Il segretario generale del Comune Rosa Iovinella e il sindaco Damiano Coletta

Il parere di conformità degli atti amministrativi non è soltanto un obbligo morale per l’impegno assunto nei confronti dei cittadini ma è anche una garanzia per la trasparenza dell’azione amministrativa e per la legittimità della medesima.

Pesa come un sasso la citazione contenuta nella mozione depositata il 28 agosto scorso, dai consiglieri comunali Nicola Calandrini, Andrea Marchiella e Matilde Celentano, e calendarizzata oggi per la prossima assise civica che impegna il sindaco di Latina, Damiano Coletta, a richiedere al segretario generale dell’ente “di esprimere il proprio parere in ordine alla conformità dell’azione amministrativa alle leggi, agli statuti ed ai regolamenti, in relazione ad ogni proposta di deliberazione sottoposta all’approvazione della Giunta Municipale e del Consiglio Comunale”. 

Pesa perché la citazione che può sembrare un’ovvietà non trova riscontro nelle deliberazioni di questa amministrazione. Pesa perché il richiamo all’espressione del parere di conformità anche per atti importanti, quali quelli per la costituzione dell’azienda speciale dei rifiuti, è caduto nel vuoto. Pesa perché l’essenza della mozione è stata già scartata dalla maggioranza di Latina Bene Comune e tornerà presto in aula con una forza dirompente, visti i richiami alla legalità, principio fondante del nostro ordinamento, contenuti nell’atto sottoscritto dai consiglieri di opposizione.

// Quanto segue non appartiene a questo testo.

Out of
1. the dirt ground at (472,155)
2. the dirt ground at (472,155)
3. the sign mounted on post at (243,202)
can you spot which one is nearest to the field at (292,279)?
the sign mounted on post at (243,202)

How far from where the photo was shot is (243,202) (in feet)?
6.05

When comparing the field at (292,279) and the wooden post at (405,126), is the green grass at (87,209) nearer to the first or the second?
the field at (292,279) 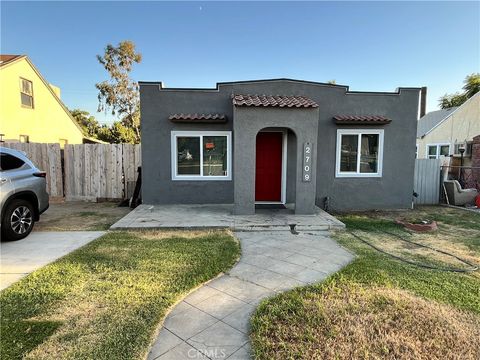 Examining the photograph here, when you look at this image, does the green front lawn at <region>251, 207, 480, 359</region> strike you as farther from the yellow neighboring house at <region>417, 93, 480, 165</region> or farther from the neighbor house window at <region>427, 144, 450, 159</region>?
the neighbor house window at <region>427, 144, 450, 159</region>

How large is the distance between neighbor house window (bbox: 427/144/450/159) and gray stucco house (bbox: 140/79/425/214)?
13124 millimetres

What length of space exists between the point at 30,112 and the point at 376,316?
19.6 metres

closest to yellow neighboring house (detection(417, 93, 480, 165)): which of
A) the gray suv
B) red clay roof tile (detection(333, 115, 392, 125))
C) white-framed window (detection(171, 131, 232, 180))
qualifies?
red clay roof tile (detection(333, 115, 392, 125))

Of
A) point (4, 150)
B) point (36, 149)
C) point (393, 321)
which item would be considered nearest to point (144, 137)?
point (4, 150)

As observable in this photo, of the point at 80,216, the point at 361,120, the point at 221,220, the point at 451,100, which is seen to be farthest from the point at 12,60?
the point at 451,100

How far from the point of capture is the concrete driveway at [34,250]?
13.9ft

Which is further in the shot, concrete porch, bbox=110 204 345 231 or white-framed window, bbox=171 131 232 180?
white-framed window, bbox=171 131 232 180

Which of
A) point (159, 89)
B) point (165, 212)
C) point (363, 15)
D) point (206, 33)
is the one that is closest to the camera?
point (165, 212)

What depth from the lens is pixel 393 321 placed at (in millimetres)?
2939

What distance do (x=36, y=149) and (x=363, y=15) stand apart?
12525 mm

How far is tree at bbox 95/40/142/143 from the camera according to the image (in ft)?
74.3

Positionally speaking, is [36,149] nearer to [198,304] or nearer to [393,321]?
[198,304]

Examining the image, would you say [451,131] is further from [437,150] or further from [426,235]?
[426,235]

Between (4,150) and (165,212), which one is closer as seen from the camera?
(4,150)
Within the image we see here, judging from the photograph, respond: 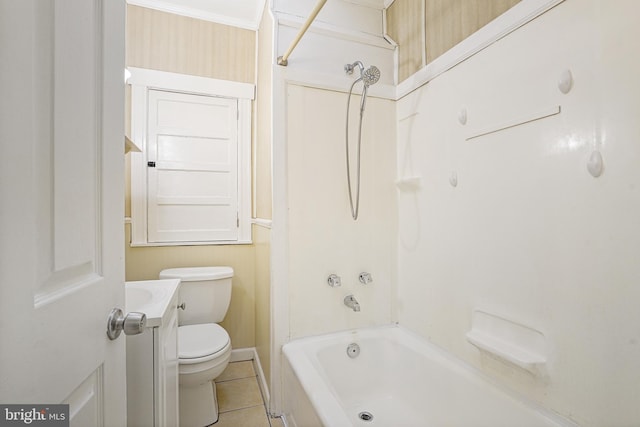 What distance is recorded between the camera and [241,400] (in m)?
1.83

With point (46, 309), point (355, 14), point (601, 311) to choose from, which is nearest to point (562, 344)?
point (601, 311)

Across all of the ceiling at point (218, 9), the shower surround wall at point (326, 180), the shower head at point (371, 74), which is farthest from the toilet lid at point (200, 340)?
the ceiling at point (218, 9)

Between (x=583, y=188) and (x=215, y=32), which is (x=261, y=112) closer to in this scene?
(x=215, y=32)

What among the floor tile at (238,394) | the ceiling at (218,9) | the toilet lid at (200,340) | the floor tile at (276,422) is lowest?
the floor tile at (238,394)

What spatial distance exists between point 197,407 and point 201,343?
342 mm

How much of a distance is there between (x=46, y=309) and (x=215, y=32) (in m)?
2.43

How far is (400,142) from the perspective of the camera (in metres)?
1.87

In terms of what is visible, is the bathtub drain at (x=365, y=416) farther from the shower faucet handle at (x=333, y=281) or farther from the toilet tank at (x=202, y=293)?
the toilet tank at (x=202, y=293)

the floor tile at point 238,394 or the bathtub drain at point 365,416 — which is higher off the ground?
the bathtub drain at point 365,416

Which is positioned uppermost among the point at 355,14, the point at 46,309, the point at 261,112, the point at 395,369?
the point at 355,14

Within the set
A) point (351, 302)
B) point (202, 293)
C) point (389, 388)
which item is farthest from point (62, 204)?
point (389, 388)

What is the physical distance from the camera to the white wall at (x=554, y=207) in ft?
2.84

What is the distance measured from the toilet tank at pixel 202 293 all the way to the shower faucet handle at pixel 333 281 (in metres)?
0.77

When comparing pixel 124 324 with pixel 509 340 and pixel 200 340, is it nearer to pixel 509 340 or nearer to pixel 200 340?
pixel 200 340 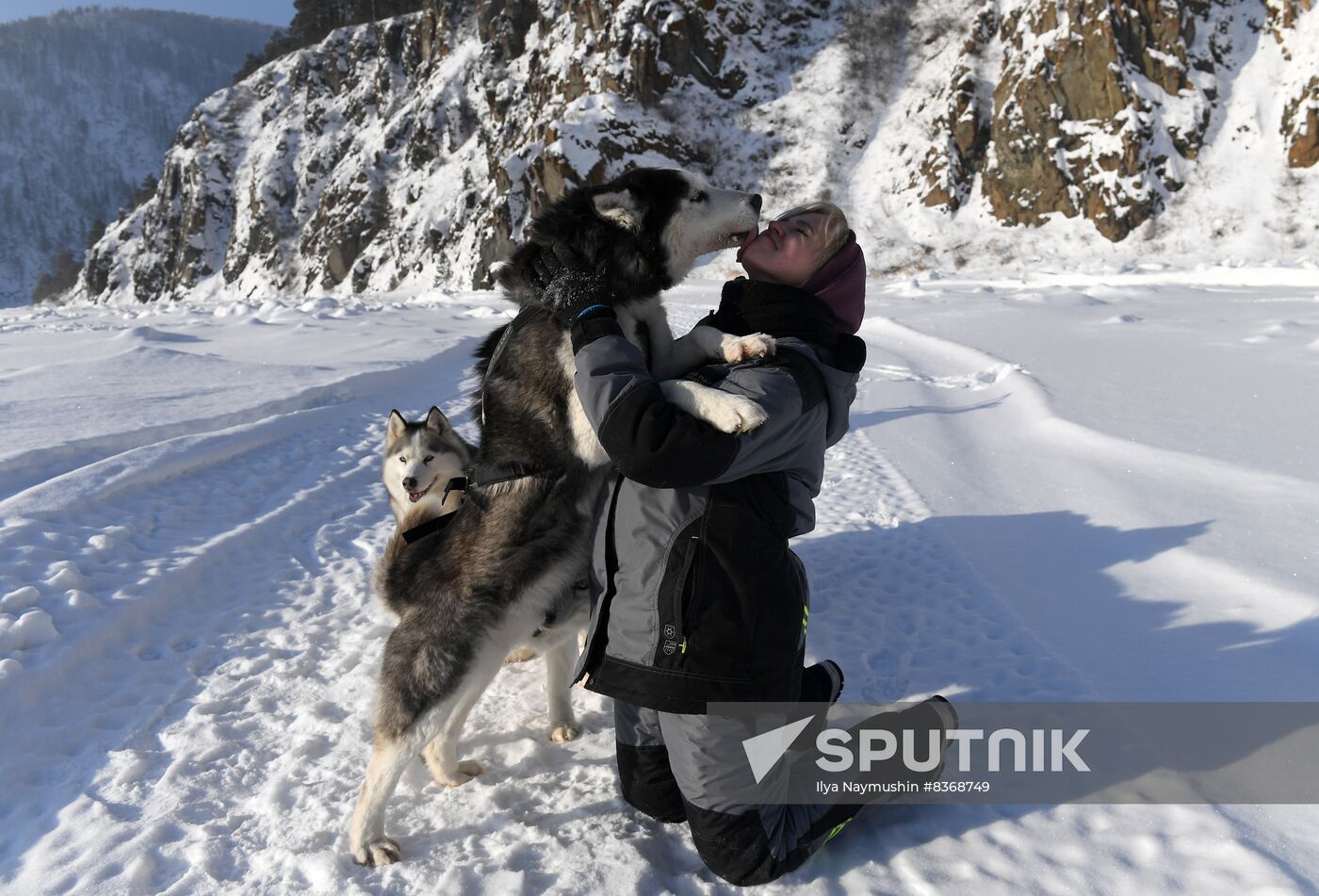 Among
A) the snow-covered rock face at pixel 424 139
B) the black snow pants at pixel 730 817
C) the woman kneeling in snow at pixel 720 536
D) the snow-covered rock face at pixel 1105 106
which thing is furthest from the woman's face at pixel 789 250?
the snow-covered rock face at pixel 424 139

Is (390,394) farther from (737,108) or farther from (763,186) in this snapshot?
(737,108)

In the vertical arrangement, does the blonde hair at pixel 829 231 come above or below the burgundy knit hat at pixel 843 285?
above

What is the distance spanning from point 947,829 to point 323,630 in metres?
2.86

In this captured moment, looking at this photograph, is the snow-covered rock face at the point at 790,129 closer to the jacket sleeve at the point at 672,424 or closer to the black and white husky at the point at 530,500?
the black and white husky at the point at 530,500

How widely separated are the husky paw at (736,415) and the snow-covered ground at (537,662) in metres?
1.26

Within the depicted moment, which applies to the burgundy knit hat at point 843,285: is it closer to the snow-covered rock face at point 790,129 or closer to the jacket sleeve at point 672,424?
the jacket sleeve at point 672,424

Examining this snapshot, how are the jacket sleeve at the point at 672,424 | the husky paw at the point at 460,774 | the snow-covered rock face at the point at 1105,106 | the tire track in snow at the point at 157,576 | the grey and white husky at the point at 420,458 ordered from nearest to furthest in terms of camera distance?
the jacket sleeve at the point at 672,424 < the husky paw at the point at 460,774 < the tire track in snow at the point at 157,576 < the grey and white husky at the point at 420,458 < the snow-covered rock face at the point at 1105,106

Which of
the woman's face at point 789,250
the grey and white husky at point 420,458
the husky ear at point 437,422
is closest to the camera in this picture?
the woman's face at point 789,250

Pesa perché gli atti relativi alla mozione – avvertono gli esponenti di minoranza dei gruppi Fratelli d’Italia e Lista Calandrini – saranno trasmessi alla Corte dei conti e al Ministero dell’Interno (Agenzia dei segretari).

I due gruppi consiliari sottolineano nella mozione che il Testo unico degli enti locali individua nel segretario generale la figura istituzionale preposta a certificare la regolarità degli atti e la loro conformità a legge, statuto e regolamenti e che il Ministero dell’Interno e la Corte dei Conti considerano il parere di conformità obbligatorio negli atti deliberativi assunti dagli organi dell’ente. Per i sottoscrittori della mozione il sottrarsi all’onere del parere di conformità non è giustificabile nella scappatoia individuata in un chiarimento fornito in materia dal Ministero dell’Interno laddove si precisa che l’obbligatorietà della certificazione viene mantenuta qualora l’ente, in sede di autodeterminazione normativa, ovvero il sindaco, nell’esercizio del potere di direzione, lo richiedano espressamente. Perché è proprio questo il punto: che sia mantenuta questa obbligatorietà a garanzia della buona amministrazione. Dunque, il senso della mozione che impegna il sindaco, con proprio decreto, a richiedere al segretario generale l’onere di attenersi ai compiti di ufficio per il “sacrosanto diritto dei cittadini di sapere che gli atti che promanano dagli organi di governo  abbiano i crismi, tutti i crismi, della regolarità sostanziale e formale; della conformità a legge, statuto e regolamenti” e per la “serenità deliberante nel merito amministrativo che, rimanda a chi deputato, la verifica asettica, pura e tecnica”.

In un passaggio del testo della nuova mozione si legge: nel programma elettorale di LBC, scritto nero su bianco, è stato affermato, pochi mesi orsono, che ” … Riteniamo urgente ripristinare il rispetto delle procedure, con l’amministrazione finalmente al servizio del cittadino, applicando pienamente le leggi, a partire da quelle su trasparenza e corruzione…”. Una bordata alla maggioranza che ha respinto la precedente mozione “in un Consiglio deserto del pungolo democratico, vivo della sola pura maggioranza bolscevica dei numeri”, che “fregiandosi sempre di legalità” ha tradito e violato il mandato popolare ricevuto.

Il quanto alla trasmissione degli atti alla Corte dei Conti e all’Agenzia dei segretari costituirebbe una segnalazione della presenta mancata assunzione dei responsabilità che attiene al compito d’ufficio del segretario generale.